El sistema público de salud de la ciudad de Nueva York no renovará su contrato con la empresa de tecnología Palantir Technologies Inc., anunció su director ejecutivo Mitchell Katz, en una comunicación al Ayuntamiento. El acuerdo vencerá en octubre de 2026 y no será extendido.
La decisión llega tras semanas de presión de organizaciones sociales y comunitarias que han exigido romper los vínculos con la compañía, a la que acusan de participar en sistemas de vigilancia masiva y de colaborar con agencias como el Servicio de Inmigración y Control de Aduanas, además de su implicación en proyectos militares de inteligencia artificial.
Estas denuncias han sido difundidas por colectivos como el Comité de Servicio de los Amigos Americanos, que documentó conexiones entre Palantir y distintas instituciones públicas y financieras.
El caso se hizo más visible después de un reportaje de The Intercept que reveló la existencia del contrato entre el sistema hospitalario municipal, el mayor de Estados Unidos, y la empresa tecnológica.
Olivia Leirer, de la organización New York Communities for Change, sostuvo que el sistema de salud “debía cortar sus vínculos” con Palantir, al considerar inaceptable que una empresa que gestiona datos sensibles participe en la administración de información pública y sanitaria.

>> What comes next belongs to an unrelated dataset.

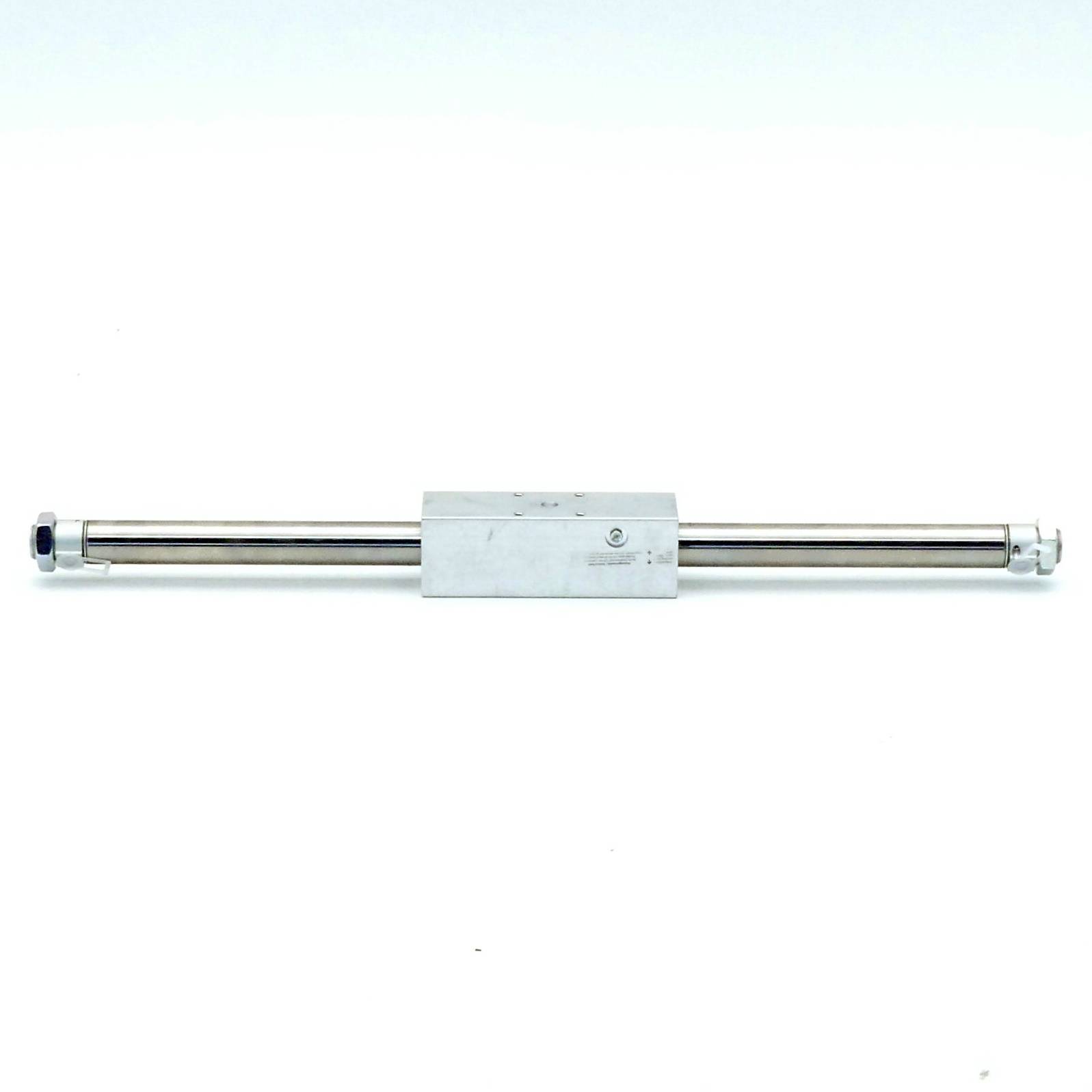 FESTO Linearantrieb DGO-25-370-PPV-A-B (15224)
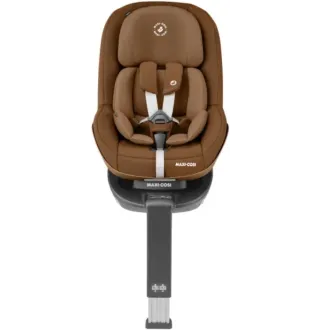 Автокресло Maxi-Cosi Pearl Pro 2 i-Size Authentic Cognac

Piden una ruptura total de vínculos con Palantir
Kenny Morris, organizador del AFSC, afirmó que la campaña contra la compañía busca reducir su influencia en instituciones públicas y fondos estatales.
Las organizaciones locales también intensificaron su presión en las últimas semanas. Grupos como NYC Planet Over Profit, Climate Organizing Hub y Make the Road participaron en campañas públicas y audiencias ante el Ayuntamiento para reclamar el fin del acuerdo.
Desde Climate Organizing Hub, Jonathan Westin consideró positiva la decisión del sistema hospitalario y pidió que la ciudad revise todos sus contratos con la empresa. Por su parte, Jennifer Hernández, de Make the Road New York, advirtió que no debe existir relación con corporaciones que colaboren con políticas de detención y vigilancia migratoria.
Hernández pidió una ruptura total de vínculos con Palantir en la administración pública.
Michael Kink, de la Coalición por una Economía Fuerte para Todos, señaló asimismo que los datos médicos de los ciudadanos no deberían estar en manos de empresas privadas de este tipo y planteó que la medida del sistema de salud debería abrir la puerta a una revisión más amplia de contratos y fondos públicos vinculados a la compañía.